Action item: Working through the data below, reproduce word for word the line with "Prodaja, servis in" and every line after it, both ends included, and omit the pictures.

Records from a data collection:
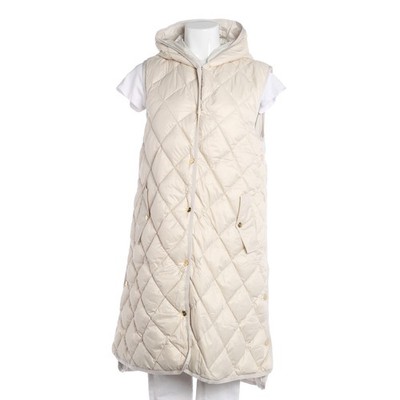 Weste Max Mara Weiß 40 IT 44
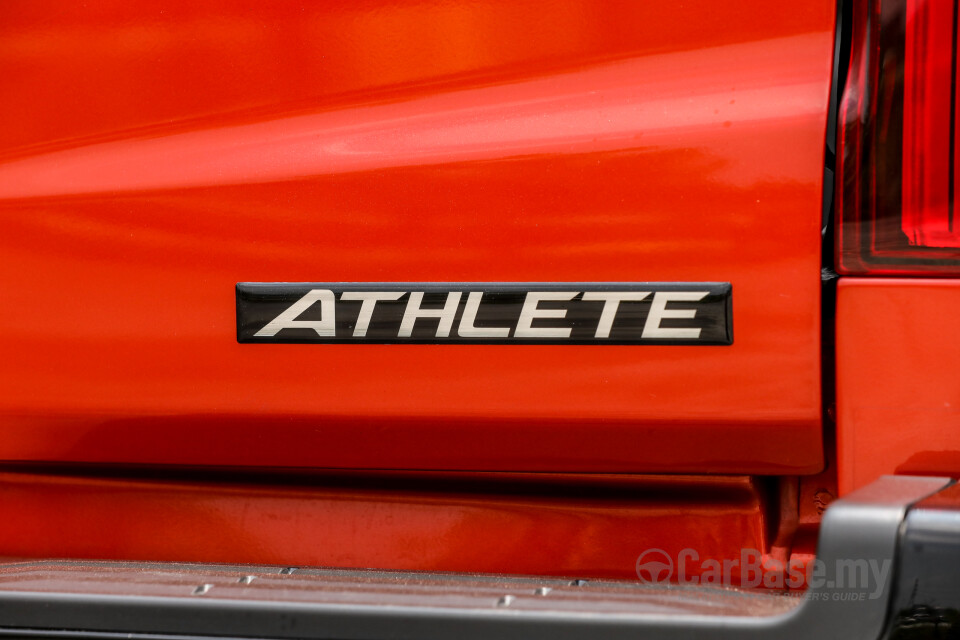 Mitsubishi Triton Mk2 Facelift (2019) Exterior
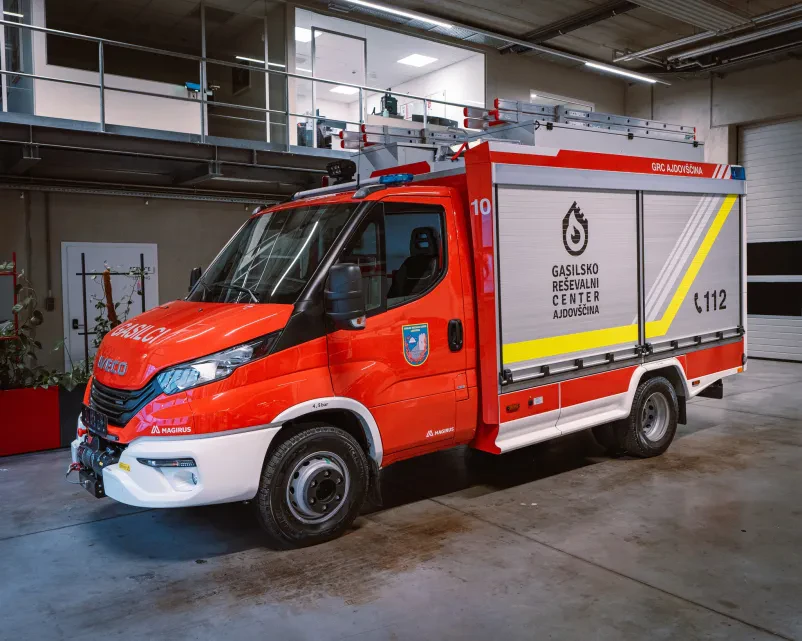 Prodaja, servis in vzdrževanje gasilske opreme Slovenija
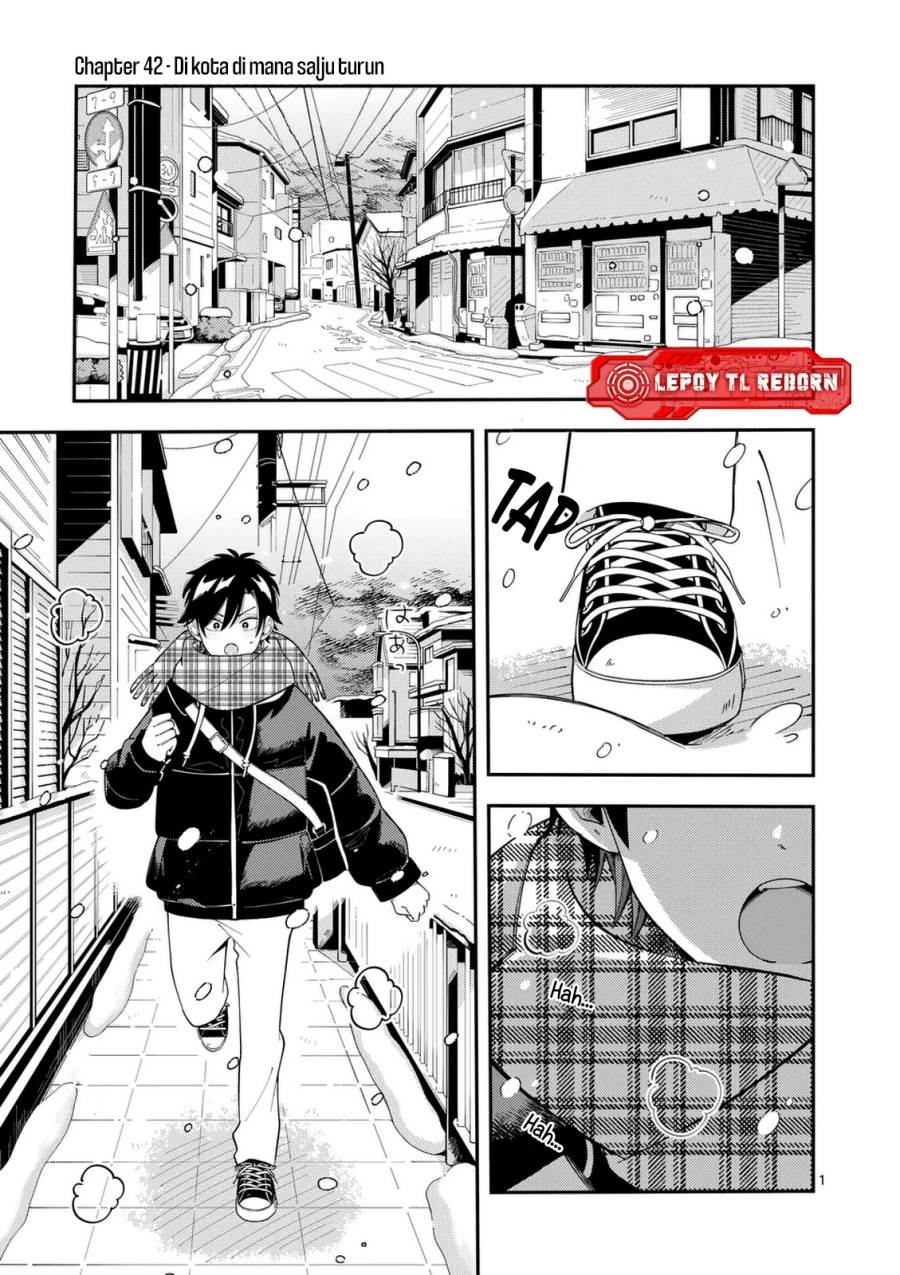 Ookami wa Tsuki ni Koi wo suru - Chapter 42 2 Ookami wa Tsuki ni Koi wo suru - Chapter 42 2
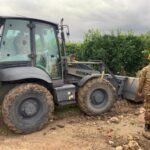 Maltempo: militari e mezzi dell'Esercito in azione a Scordia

Answer to this exercise:
 Prodaja, servis in vzdrževanje gasilske opreme Slovenija
 Ookami wa Tsuki ni Koi wo suru - Chapter 42 2 Ookami wa Tsuki ni Koi wo suru - Chapter 42 2
 Maltempo: militari e mezzi dell'Esercito in azione a Scordia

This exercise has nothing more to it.